Hier, à 18h, au moment où les évêques allaient se séparer, est tombée la décision du juge des référés. Nous sommes déçus sans doute. Le juge, ce qui est important, a rappelé avec force que la liberté de culte était une liberté fondamentale, qu’elle ne s’exerçait pas seulement individuellement mais aussi par des célébrations publiques. Il a toutefois estimé que des mesures d’interdiction étaient légitimes et proportionnées, compte tenu de la gravité de la situation sanitaire, ce d’autant qu’il a pu lui être montré que certains lieux de culte manquaient aux règles de protection sanitaire édictées. Nous, évêques, partageons la tristesse des fidèles, privés non seulement de la messe mais, pour certains, de la célébration d’une étape de leur initiation chrétienne ou de leur mariage. Des efforts collectifs sont nécessaires si nous voulons avoir une chance de célébrer Noël de manière digne, sans qu’une inquiétude exagérée pèse sur nos soignants mobilisés dans les hôpitaux et toutes les structures qui œuvrent pour la santé publique. Mais il est demandé aux pouvoirs publics d’organiser une concertation avec les cultes : nous nous y préparerons sans délai, avec le ferme espoir de trouver un protocole satisfaisant.

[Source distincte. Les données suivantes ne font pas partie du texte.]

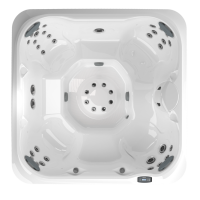 Спа бассейн Jacuzzi J-280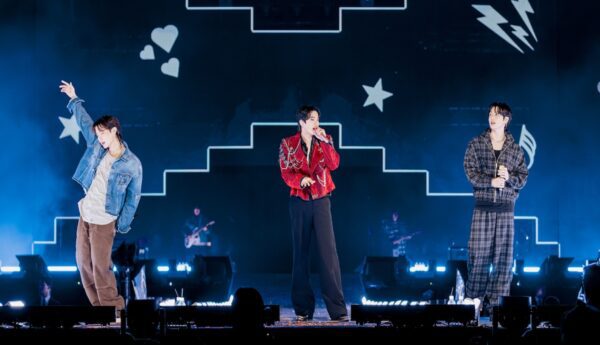 BTS en el Estadio GNP Seguros de CDMX: mapa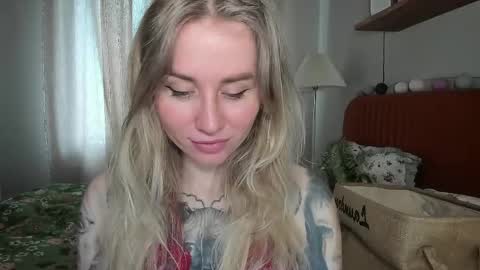 Snapshot of alexarush chatting on 9, 6, 2026 alexarush online show from 9, 6, 2026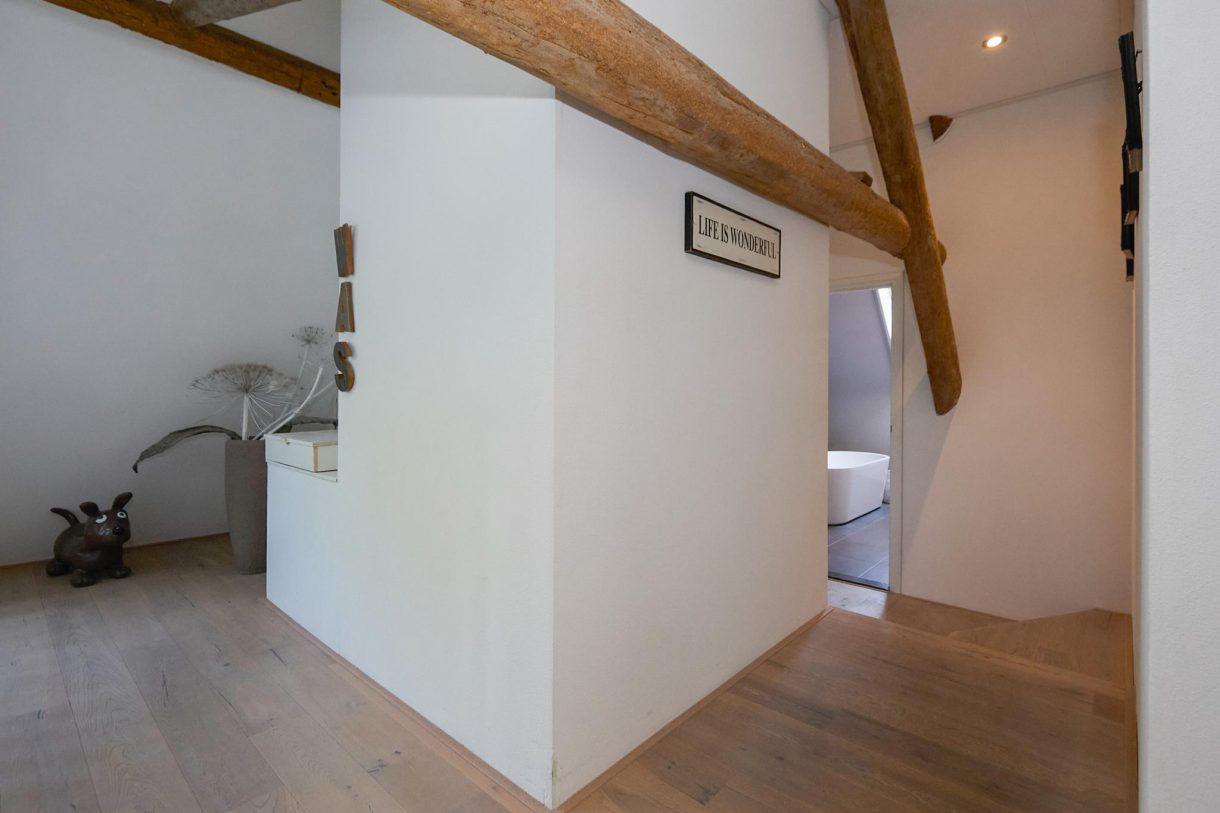 Te koop: Foto Woonhuis aan de Noorddijkerweg 45 in Ursem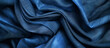 background made of blue jeans fabric. blue denim fabric for the background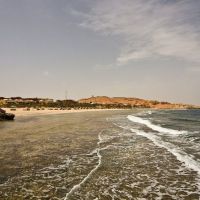 Kahramana Beach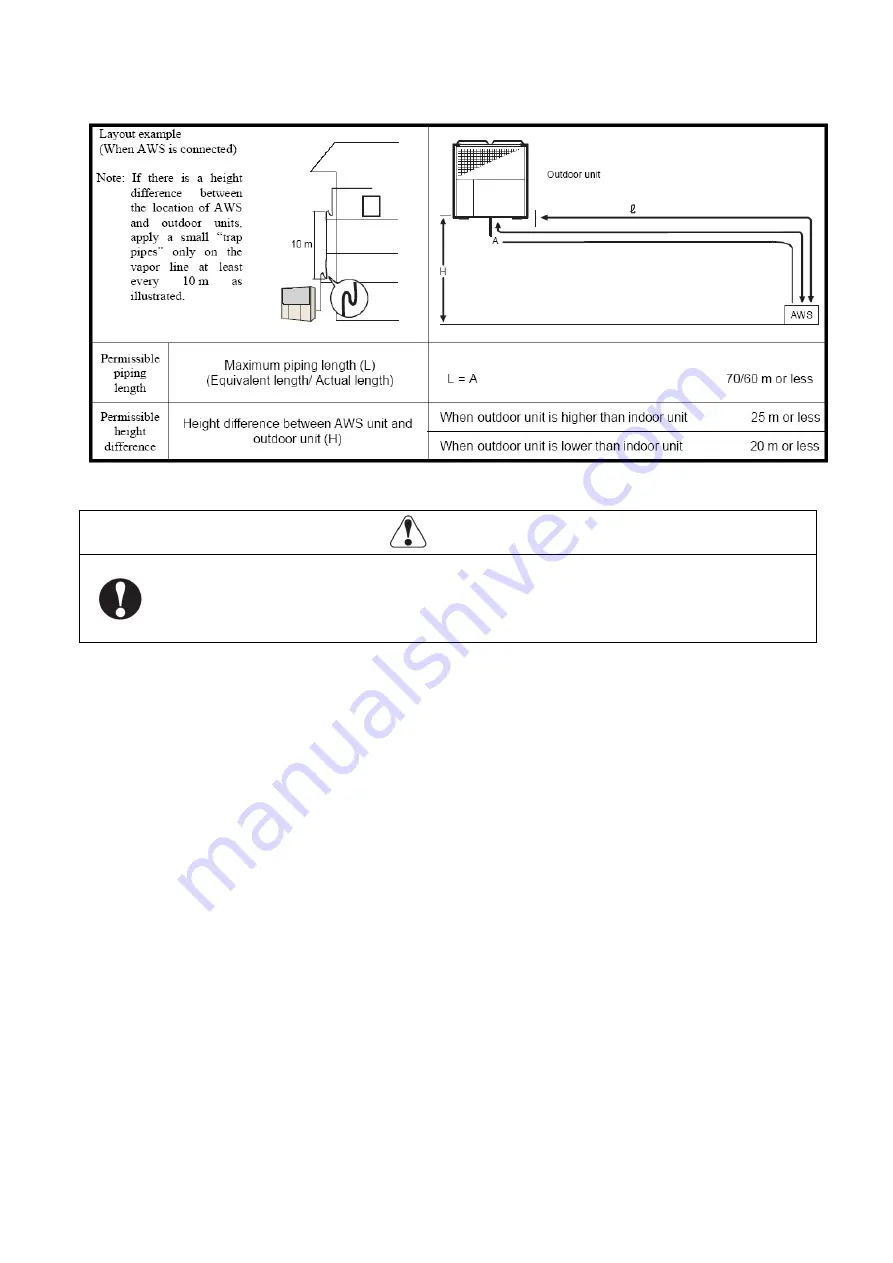 Aisin AXGP224E1 Technical Manual Download Page 54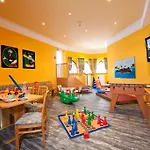 Aparthotel Wellness-aparthotel Montana 4*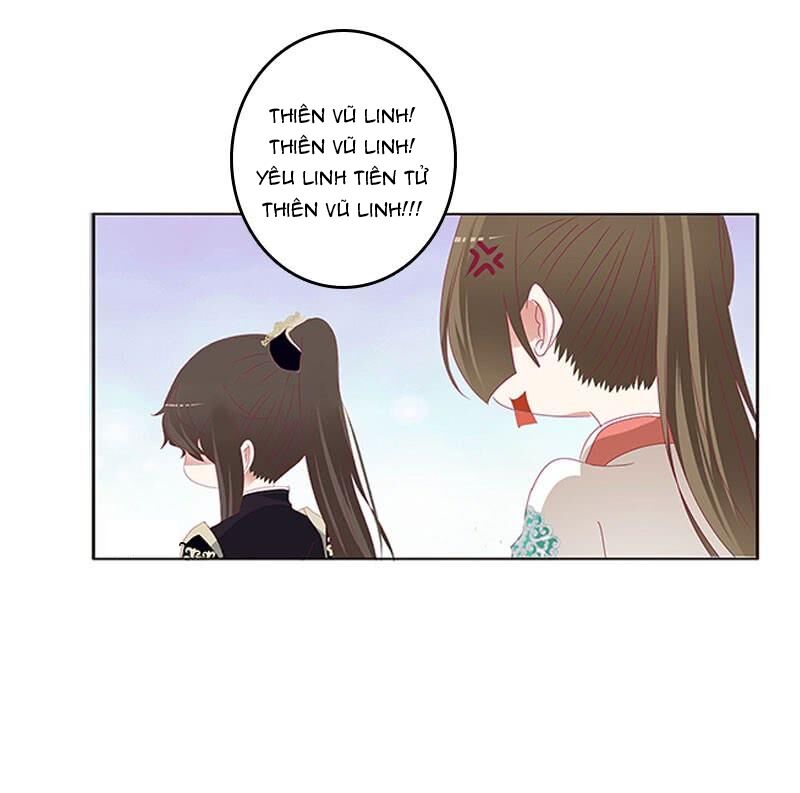 Thông Linh Phi: Chapter 408
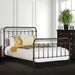 IRIA Dark Bronze Queen Bed image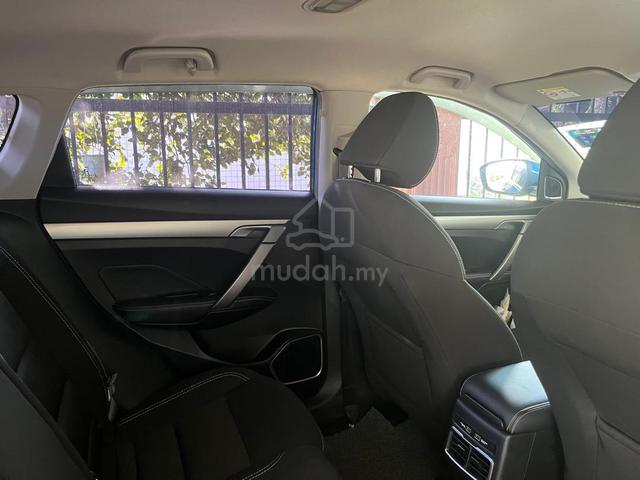 2023 Proton X50 T STANDARD 1.5L (A) - 5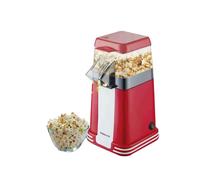 MACCHINA POP CORN ELETTRICA ARIA CALDA 1200W SENZA OLIO BAMBINI COMPLEANNO SK289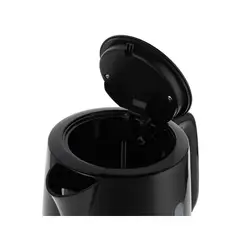 URSUS TROTTER - Hervidor Electrico 1700ml Negro Ut-Manly17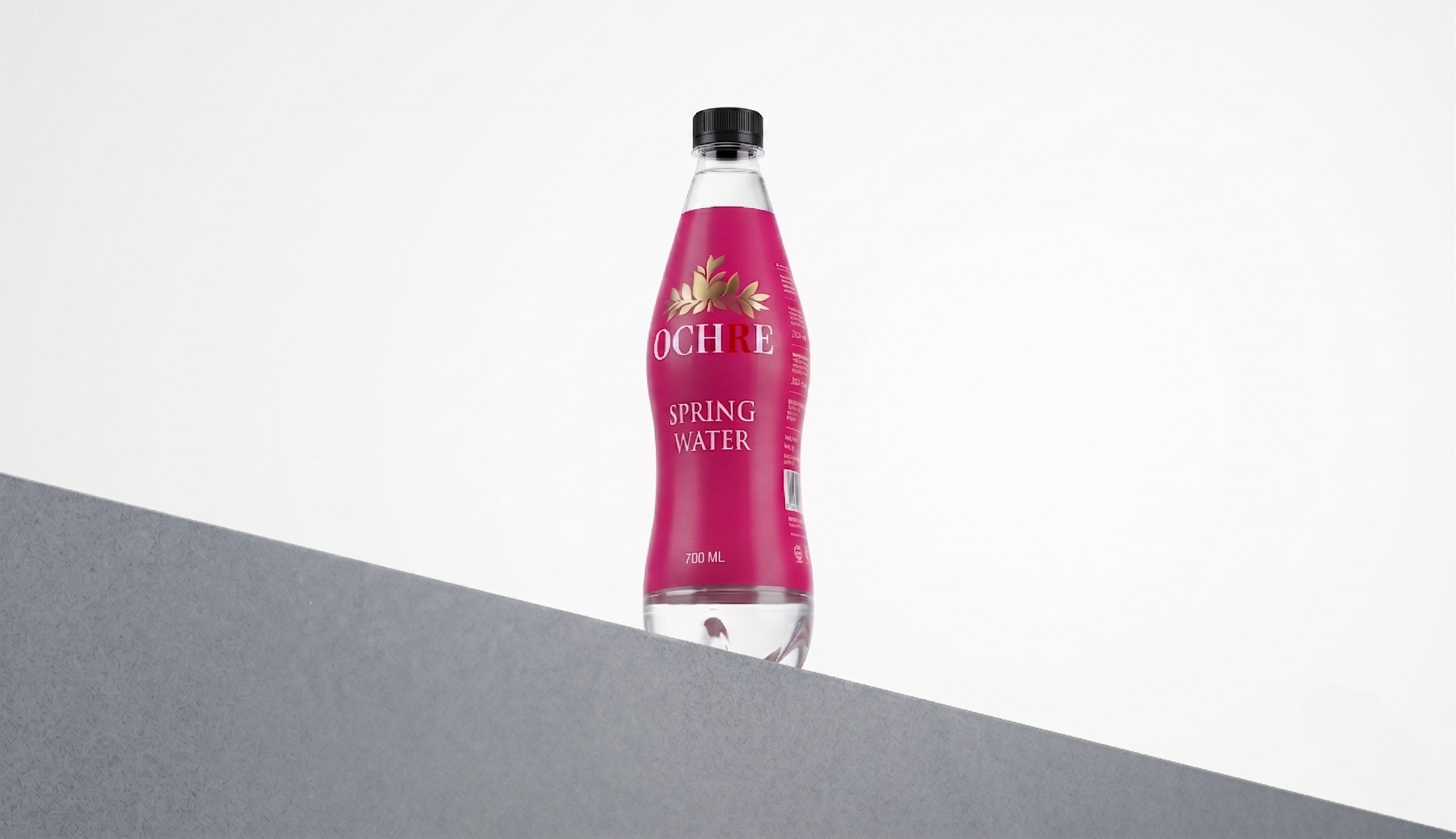 Sparkling Water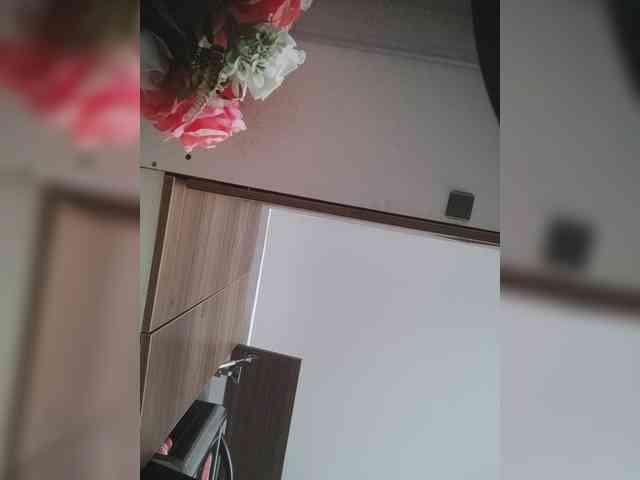 LunaBiely webcam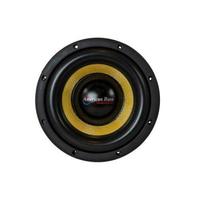 SUBWOOFER 15" 3" VOICE COIL COMPETITION READY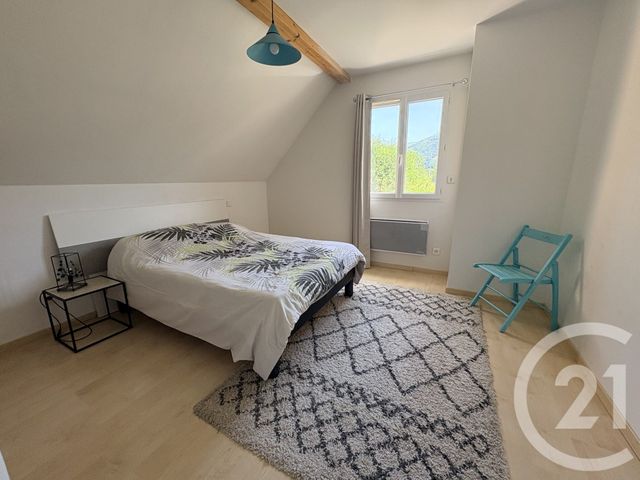maison à vendre - 4 pièces - 104.12 m2 - ARGELES GAZOST - 65 - MIDI-PYRENEES - Century 21 Val Habitat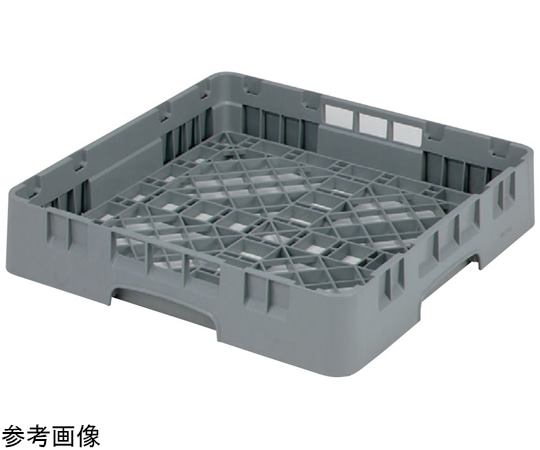 CAMBRO（キャンブロ） キャンブロ オープンラック H143mm BR414 1個（ご注文単位1個）【直送品】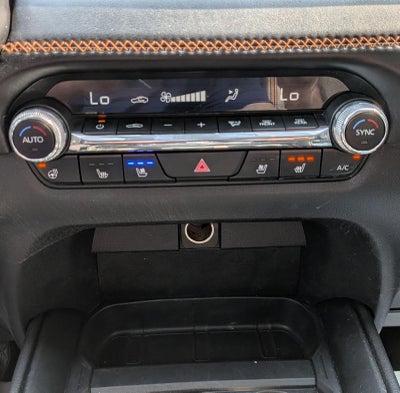 2023 Mazda Mazda CX-50 2.5 Turbo Premium Plus Package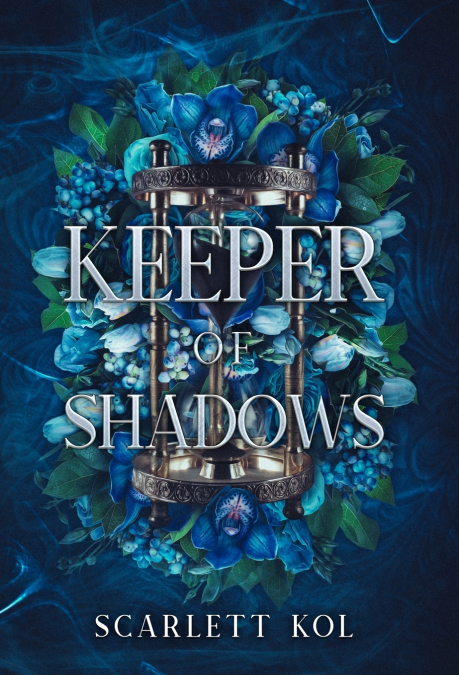 Keeper of Shadows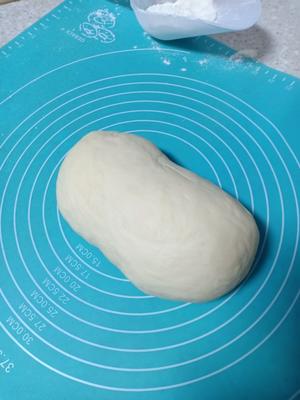 葱花火腿饼的做法(图2) 1.jpg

Je me dois de vous le dire : au-delà de la douleur de la privation de Messe, pour moi, il est important qu’en cette affaire, le droit soit dit avec précision. Nous avons appris à vivre en régime de séparation et à goûter la liberté qu’y trouve l’Église de vivre sa vie propre, non pas hors de l’État mais sans sa contrainte, non pas contre la société mais en son sein, en servant sa cohésion, mais selon la dynamique propre de la foi en l’Évangile du Christ et de la dilatation du cœur et de l’action que nous en recevons. En un temps où, pour des raisons tout à fait compréhensibles, qui relèvent de sa responsabilité, l’État cherche à renforcer sa surveillance des religions, quelles qu’elles soient, nous devons être vigilants, – nous, ce sont tous les citoyens français-, sur la précision des textes qui limitent ou encadrent ou expriment les libertés fondamentales.
En concluant cette Assemblée plénière, j’essaie d’exprimer ceci : nos assemblées d’évêques ne sont pas seulement des réunions de travail, de coordination, de mise au point de nos organisations dans les circonstances variables de l’histoire ; nos assemblées sont aussi, et peut-être surtout, des actes du culte spirituel que nous devons à Dieu, des moments de célébration de la joie et de la force de la foi dans le Christ, envoyé par le Père qui répand en nous son Esprit-Saint.